Leaving out the pictures, return word for word the stretch of entries below from the line holding "Orsina Two Tiered" through the line holding "Laptop Sleeve /".

── EXTRACTED INFORMATION ──

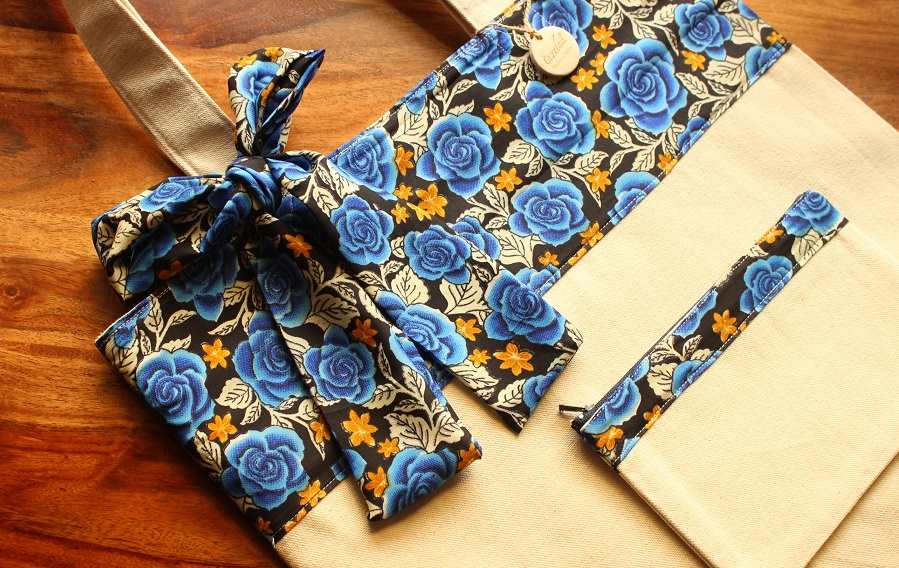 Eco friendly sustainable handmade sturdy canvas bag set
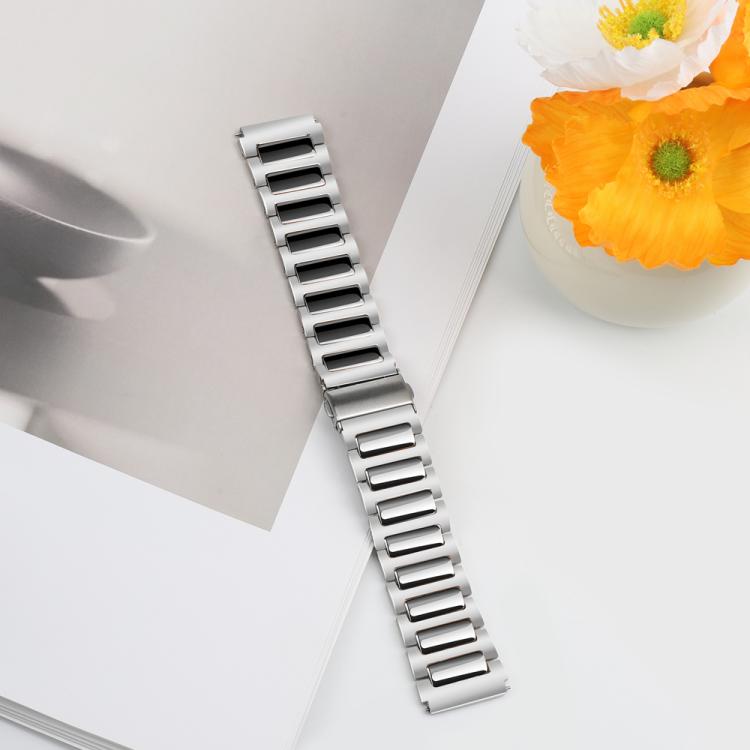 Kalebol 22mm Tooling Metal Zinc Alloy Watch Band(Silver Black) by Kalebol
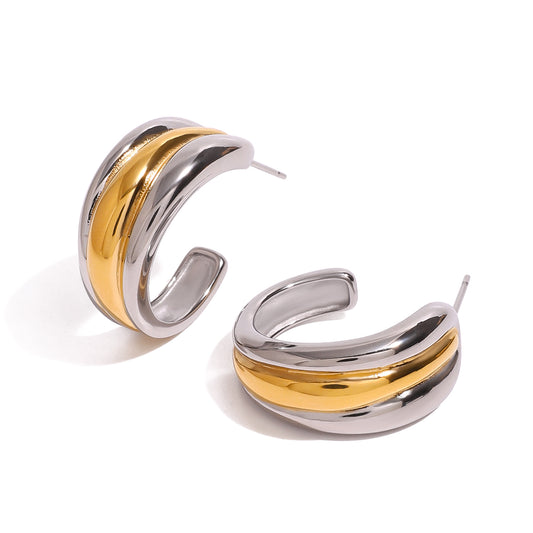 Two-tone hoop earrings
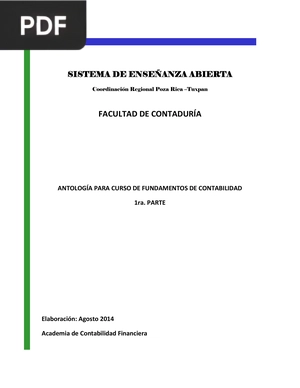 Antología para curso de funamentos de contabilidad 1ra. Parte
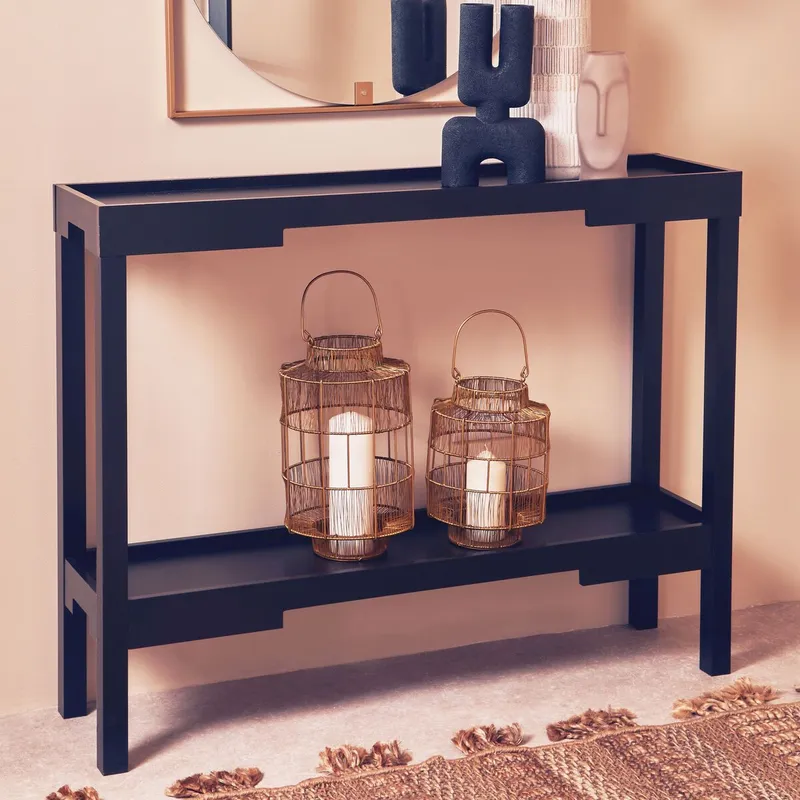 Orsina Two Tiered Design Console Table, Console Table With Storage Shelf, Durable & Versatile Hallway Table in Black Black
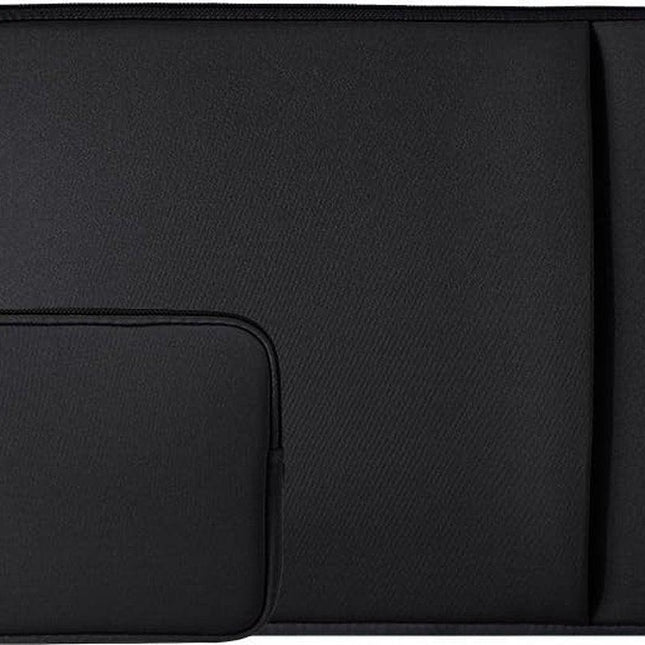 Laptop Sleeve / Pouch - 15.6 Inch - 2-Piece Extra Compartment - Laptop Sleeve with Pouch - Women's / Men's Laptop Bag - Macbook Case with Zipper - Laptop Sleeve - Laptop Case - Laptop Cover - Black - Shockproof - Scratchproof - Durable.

───
── EXTRACTED INFORMATION ──

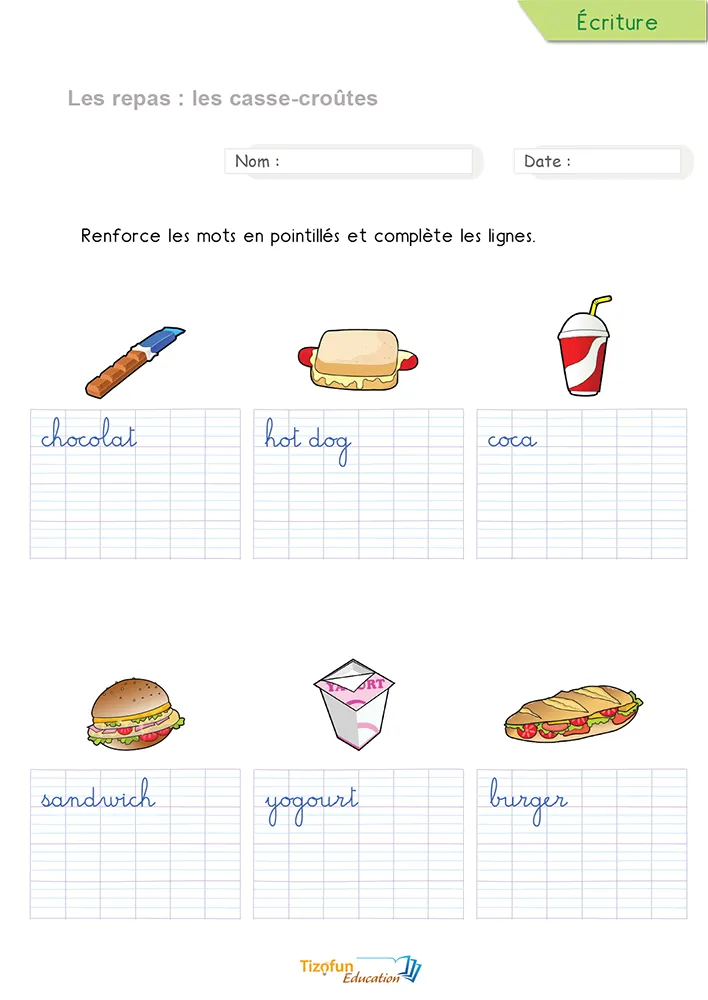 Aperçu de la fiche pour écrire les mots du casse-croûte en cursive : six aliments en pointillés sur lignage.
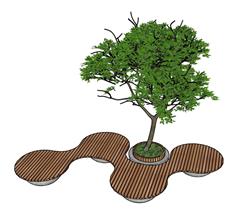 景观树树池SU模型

───

_TASK RESULT:_
 Orsina Two Tiered Design Console Table, Console Table With Storage Shelf, Durable & Versatile Hallway Table in Black Black
 Laptop Sleeve / Pouch - 15.6 Inch - 2-Piece Extra Compartment - Laptop Sleeve with Pouch - Women's / Men's Laptop Bag - Macbook Case with Zipper - Laptop Sleeve - Laptop Case - Laptop Cover - Black - Shockproof - Scratchproof - Durable.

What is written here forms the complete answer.